Hybar also has a special rate power contract with Entergy Arkansas, which has one of the lowest-carbon electric generation portfolios in the United States.
The company is further supported by its sister company, Green & Clean Power, which operates the largest industrial behind-the-meter solar and battery storage facility in the U.S. The facility is located next to Hybar and feeds power directly into its operations.
After receiving final certifications and completing harmonic tests later this summer, Hybar expects that, when the sun is shining, it will be the only steel producer in North America capable of producing steel using 100% renewable energy.
Following the expansion, Hybar expects to produce close to 5,000 tons of rebar per year per employee, which the company believes would give it the most productive labor force in the global steel industry.
Goldman Sachs and TPG Capital served as joint lead bookrunners for a Rule 144A notes offering. Truist Securities and Barclays acted as co-managers. Goldman Sachs, Truist, Barclays, and Crews & Associates also acted as underwriters for a municipal bond offering.
Hybar and its related entities are owned by TPG Rise Climate, KM&T Hybar Holdings, Global Principal Partners, and Quanta Services.
KEY QUOTES:
“We have best-in-class technology, a great site with three modes of transportation, and outstanding highly motivated employees. But what truly differentiates Hybar is our ‘can-do, get-it-done’ culture. Empowering employees, stripping away bureaucracy, pushing decision making down to the mill floor, and constantly looking for better, faster, more sustainable ways to make steel are the keys to Hybar’s success.”

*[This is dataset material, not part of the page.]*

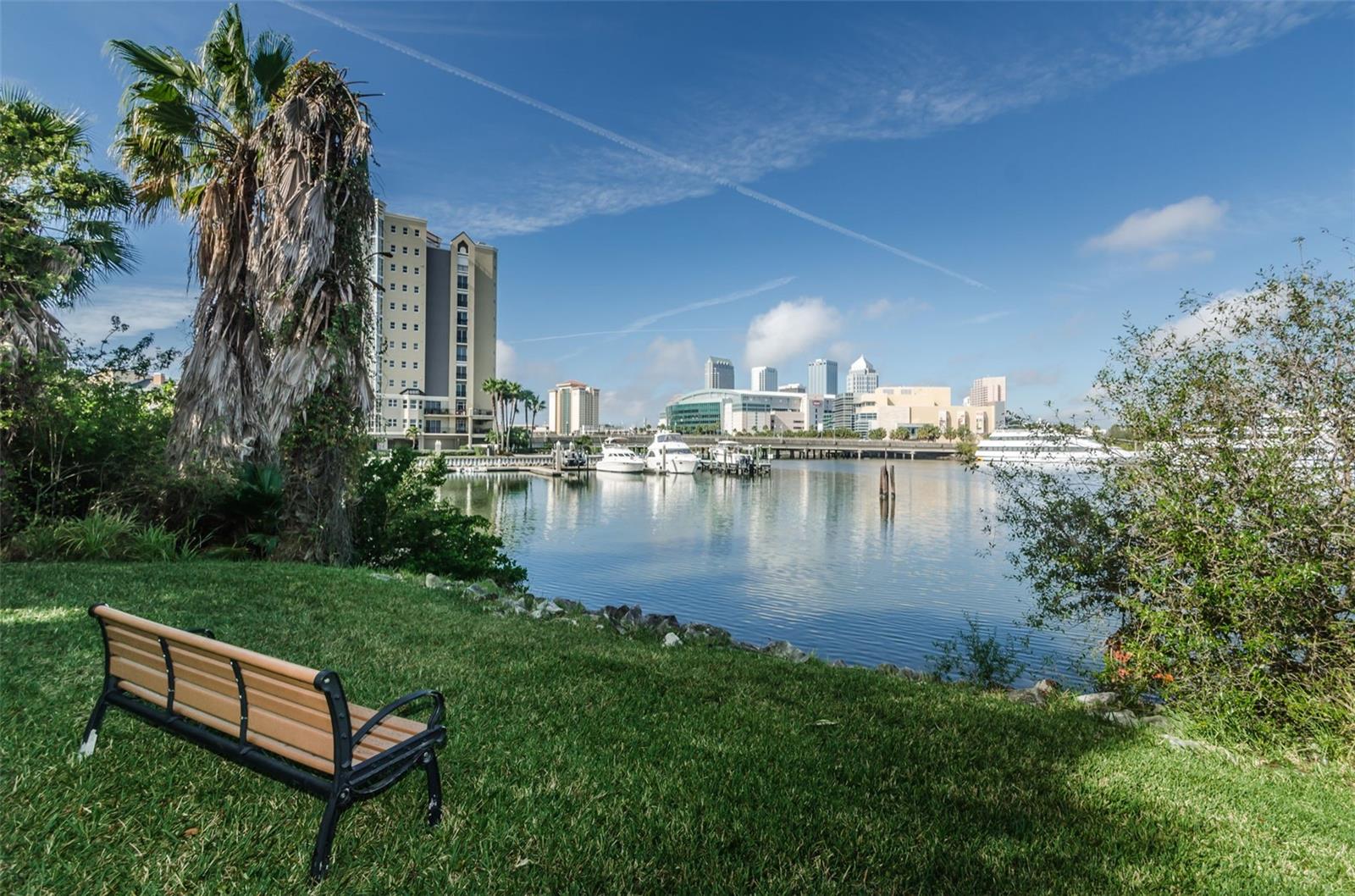 913 NORMANDY TRACE RD #913, TAMPA, FL, 33602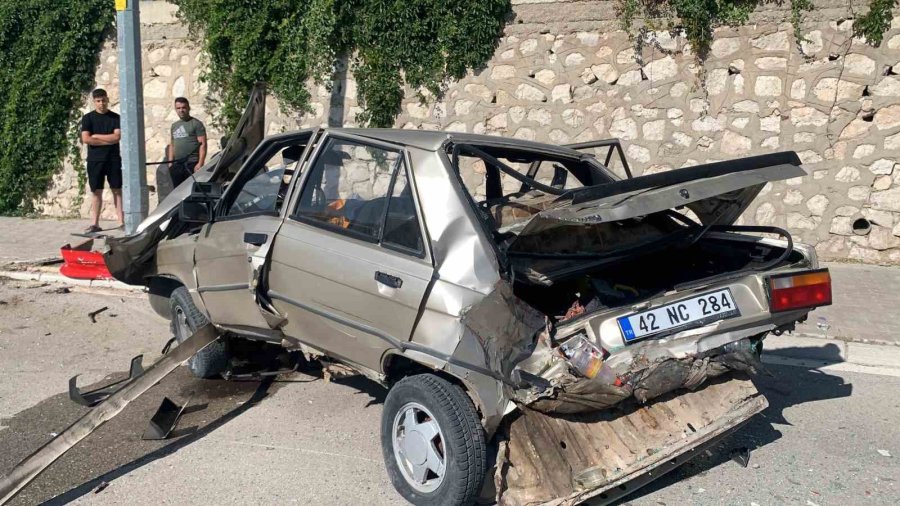 Karaman’da Önce Solladığı Kamyonete Sonra Da Aydınlatma Direğine Çarpan Aracın Sürücüsü Yaralandı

Dave Stickler, CEO of Hybar
“Hybar is a true success story, building state-of-the-art facilities and producing sustainable steels using scrap metal in northeastern Arkansas. Hybar is continuing to invest in Arkansas thanks to our state’s infrastructure, workforce, and favorable business climate. We are proud of this growing partnership and look forward to many more years of Hybar’s success in our state.”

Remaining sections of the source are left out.